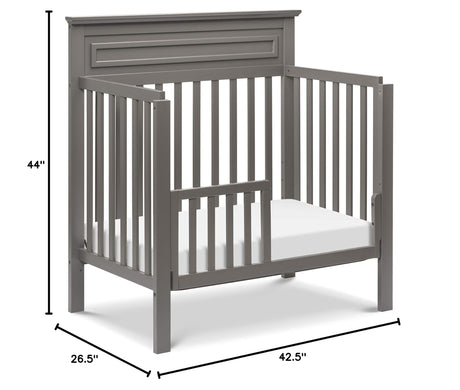 Autumn 4-in-1 Convertible Mini Crib in Slate, Greenguard Gold Certified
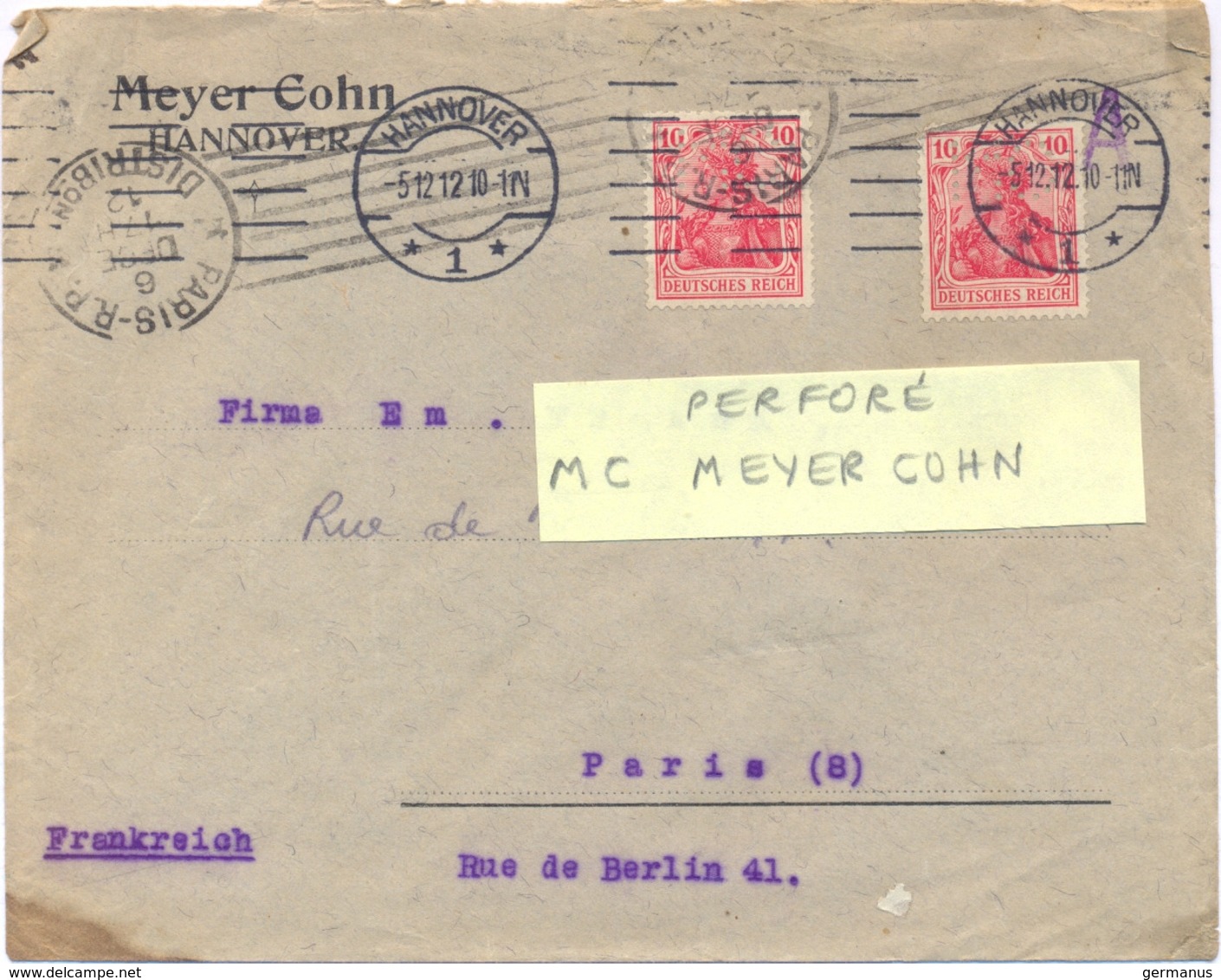 ALLEMAGNE PERFORÉ M C MEYER COHN Sur LETTRE OMec HANNOVER Du 5-12-10 - Lettres & Documents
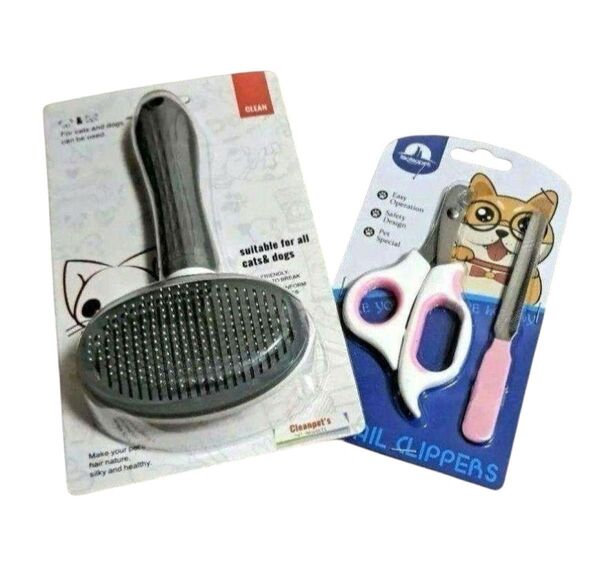 ★ペットケア ワンプッシュでごっそり ブラシ 爪切り やすり 犬猫 短毛 長毛 ペット用品 お手入れ・トリミング用品 ネイルケア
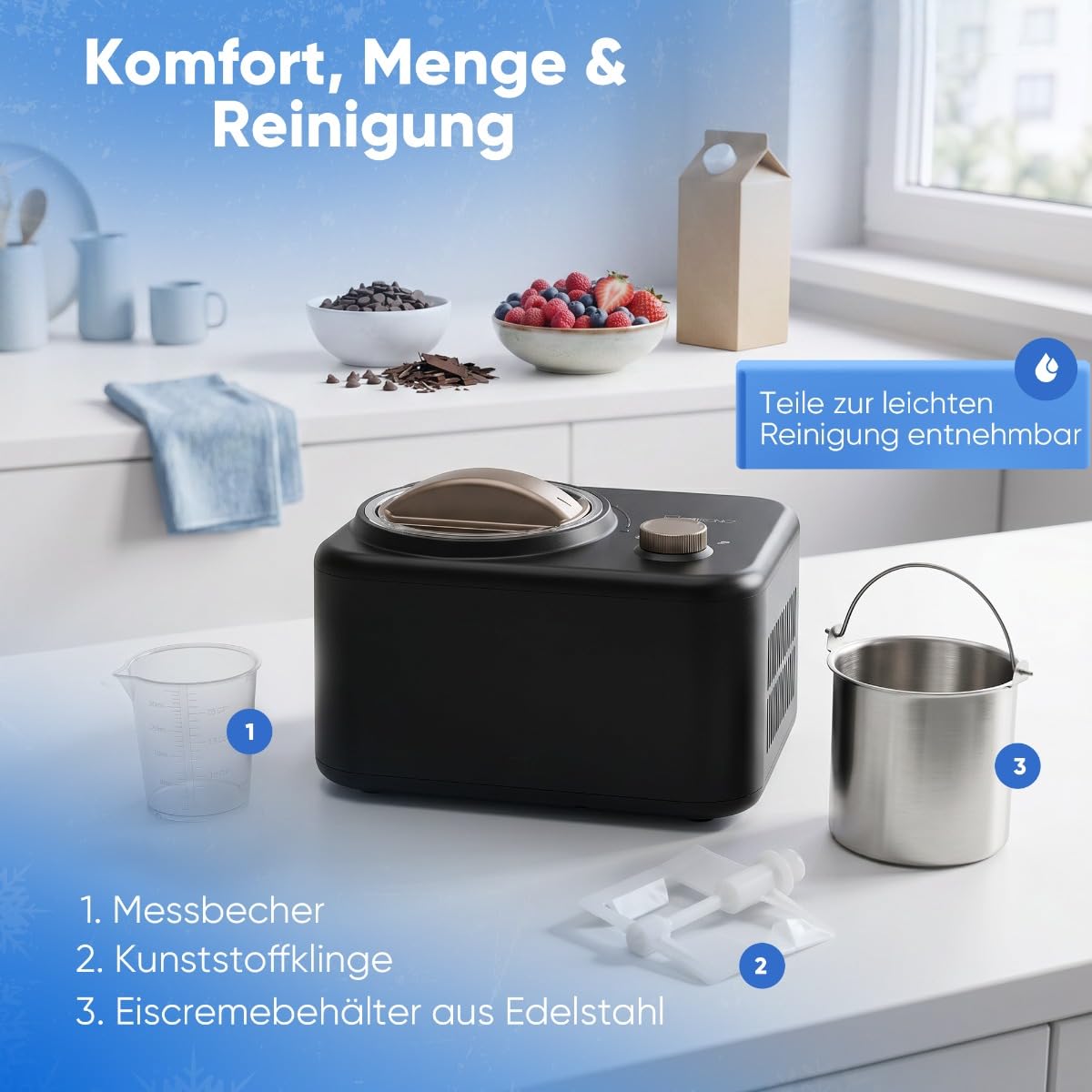 Clatronic® Eismaschine mit Kompressor | Eis in 60 min. | ohne Vorkühlen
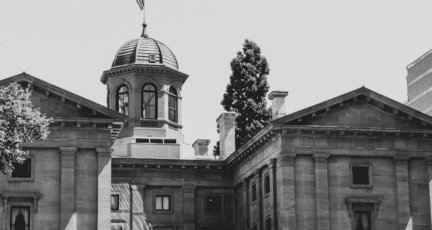 A courthouse were you can buy a house in foreclosure.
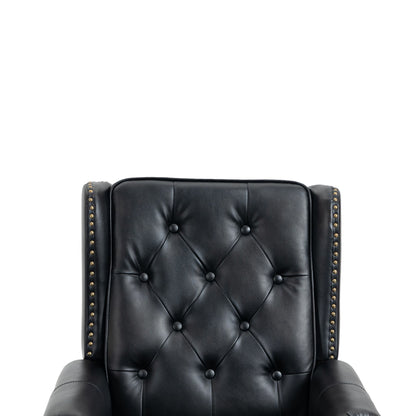 Wood Frame Armchair, Modern Accent Chair Lounge Chair with Sturdy Wood Legs for Living Room Bedroom (Black PU) image 18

# WORK INSTRUCTIONS:
Could you set down word for word each line from the one holding "ペット用品 お手入れ・トリミング用品 ネイルケア" through the end of the material above, without any pictures?

# OUTPUT BELOW:
 ★ペットケア ワンプッシュでごっそり ブラシ 爪切り やすり 犬猫 短毛 長毛 ペット用品 お手入れ・トリミング用品 ネイルケア
 Clatronic® Eismaschine mit Kompressor | Eis in 60 min. | ohne Vorkühlen
 A courthouse were you can buy a house in foreclosure.
 Wood Frame Armchair, Modern Accent Chair Lounge Chair with Sturdy Wood Legs for Living Room Bedroom (Black PU) image 18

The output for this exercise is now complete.